Data
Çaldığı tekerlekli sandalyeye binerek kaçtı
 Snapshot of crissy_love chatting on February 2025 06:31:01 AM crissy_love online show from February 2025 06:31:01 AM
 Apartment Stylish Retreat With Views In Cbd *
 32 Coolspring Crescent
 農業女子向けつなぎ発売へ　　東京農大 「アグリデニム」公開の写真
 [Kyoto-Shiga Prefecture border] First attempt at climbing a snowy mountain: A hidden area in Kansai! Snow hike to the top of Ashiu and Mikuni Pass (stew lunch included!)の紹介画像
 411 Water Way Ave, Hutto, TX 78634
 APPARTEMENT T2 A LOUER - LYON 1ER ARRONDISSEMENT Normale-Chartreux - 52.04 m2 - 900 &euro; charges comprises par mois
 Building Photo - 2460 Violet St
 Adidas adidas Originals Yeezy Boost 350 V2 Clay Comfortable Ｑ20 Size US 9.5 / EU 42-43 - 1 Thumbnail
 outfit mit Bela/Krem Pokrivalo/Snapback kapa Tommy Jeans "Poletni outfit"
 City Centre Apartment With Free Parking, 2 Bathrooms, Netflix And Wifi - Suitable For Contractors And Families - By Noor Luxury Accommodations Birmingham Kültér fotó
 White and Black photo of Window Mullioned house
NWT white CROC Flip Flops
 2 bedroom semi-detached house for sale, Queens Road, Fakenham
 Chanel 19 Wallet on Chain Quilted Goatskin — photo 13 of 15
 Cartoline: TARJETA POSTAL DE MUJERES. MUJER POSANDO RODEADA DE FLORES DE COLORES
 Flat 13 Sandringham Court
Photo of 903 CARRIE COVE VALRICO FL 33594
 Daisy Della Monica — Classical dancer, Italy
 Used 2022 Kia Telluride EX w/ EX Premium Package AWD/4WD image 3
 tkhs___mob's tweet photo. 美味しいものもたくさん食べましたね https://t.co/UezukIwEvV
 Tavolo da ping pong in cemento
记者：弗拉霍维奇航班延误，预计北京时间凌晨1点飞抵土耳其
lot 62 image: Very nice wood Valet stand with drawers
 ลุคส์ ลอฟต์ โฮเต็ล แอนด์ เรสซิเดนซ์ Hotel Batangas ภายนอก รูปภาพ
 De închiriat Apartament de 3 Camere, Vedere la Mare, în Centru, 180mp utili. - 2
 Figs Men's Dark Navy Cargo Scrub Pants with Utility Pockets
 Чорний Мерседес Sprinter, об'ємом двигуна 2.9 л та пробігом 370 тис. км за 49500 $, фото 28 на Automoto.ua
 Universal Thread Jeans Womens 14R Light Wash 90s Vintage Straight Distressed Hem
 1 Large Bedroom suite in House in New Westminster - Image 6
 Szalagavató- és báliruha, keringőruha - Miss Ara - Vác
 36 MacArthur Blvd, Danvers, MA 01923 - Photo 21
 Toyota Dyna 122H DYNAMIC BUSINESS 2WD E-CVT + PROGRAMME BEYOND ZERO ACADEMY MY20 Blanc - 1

The task
Repeat every line of the material exactly as given.

Result of the exercise
Çaldığı tekerlekli sandalyeye binerek kaçtı
 Snapshot of crissy_love chatting on February 2025 06:31:01 AM crissy_love online show from February 2025 06:31:01 AM
 Apartment Stylish Retreat With Views In Cbd *
 32 Coolspring Crescent
 農業女子向けつなぎ発売へ　　東京農大 「アグリデニム」公開の写真
 [Kyoto-Shiga Prefecture border] First attempt at climbing a snowy mountain: A hidden area in Kansai! Snow hike to the top of Ashiu and Mikuni Pass (stew lunch included!)の紹介画像
 411 Water Way Ave, Hutto, TX 78634
 APPARTEMENT T2 A LOUER - LYON 1ER ARRONDISSEMENT Normale-Chartreux - 52.04 m2 - 900 &euro; charges comprises par mois
 Building Photo - 2460 Violet St
 Adidas adidas Originals Yeezy Boost 350 V2 Clay Comfortable Ｑ20 Size US 9.5 / EU 42-43 - 1 Thumbnail
 outfit mit Bela/Krem Pokrivalo/Snapback kapa Tommy Jeans "Poletni outfit"
 City Centre Apartment With Free Parking, 2 Bathrooms, Netflix And Wifi - Suitable For Contractors And Families - By Noor Luxury Accommodations Birmingham Kültér fotó
 White and Black photo of Window Mullioned house
NWT white CROC Flip Flops
 2 bedroom semi-detached house for sale, Queens Road, Fakenham
 Chanel 19 Wallet on Chain Quilted Goatskin — photo 13 of 15
 Cartoline: TARJETA POSTAL DE MUJERES. MUJER POSANDO RODEADA DE FLORES DE COLORES
 Flat 13 Sandringham Court
Photo of 903 CARRIE COVE VALRICO FL 33594
 Daisy Della Monica — Classical dancer, Italy
 Used 2022 Kia Telluride EX w/ EX Premium Package AWD/4WD image 3
 tkhs___mob's tweet photo. 美味しいものもたくさん食べましたね https://t.co/UezukIwEvV
 Tavolo da ping pong in cemento
记者：弗拉霍维奇航班延误，预计北京时间凌晨1点飞抵土耳其
lot 62 image: Very nice wood Valet stand with drawers
 ลุคส์ ลอฟต์ โฮเต็ล แอนด์ เรสซิเดนซ์ Hotel Batangas ภายนอก รูปภาพ
 De închiriat Apartament de 3 Camere, Vedere la Mare, în Centru, 180mp utili. - 2
 Figs Men's Dark Navy Cargo Scrub Pants with Utility Pockets
 Чорний Мерседес Sprinter, об'ємом двигуна 2.9 л та пробігом 370 тис. км за 49500 $, фото 28 на Automoto.ua
 Universal Thread Jeans Womens 14R Light Wash 90s Vintage Straight Distressed Hem
 1 Large Bedroom suite in House in New Westminster - Image 6
 Szalagavató- és báliruha, keringőruha - Miss Ara - Vác
 36 MacArthur Blvd, Danvers, MA 01923 - Photo 21
 Toyota Dyna 122H DYNAMIC BUSINESS 2WD E-CVT + PROGRAMME BEYOND ZERO ACADEMY MY20 Blanc - 1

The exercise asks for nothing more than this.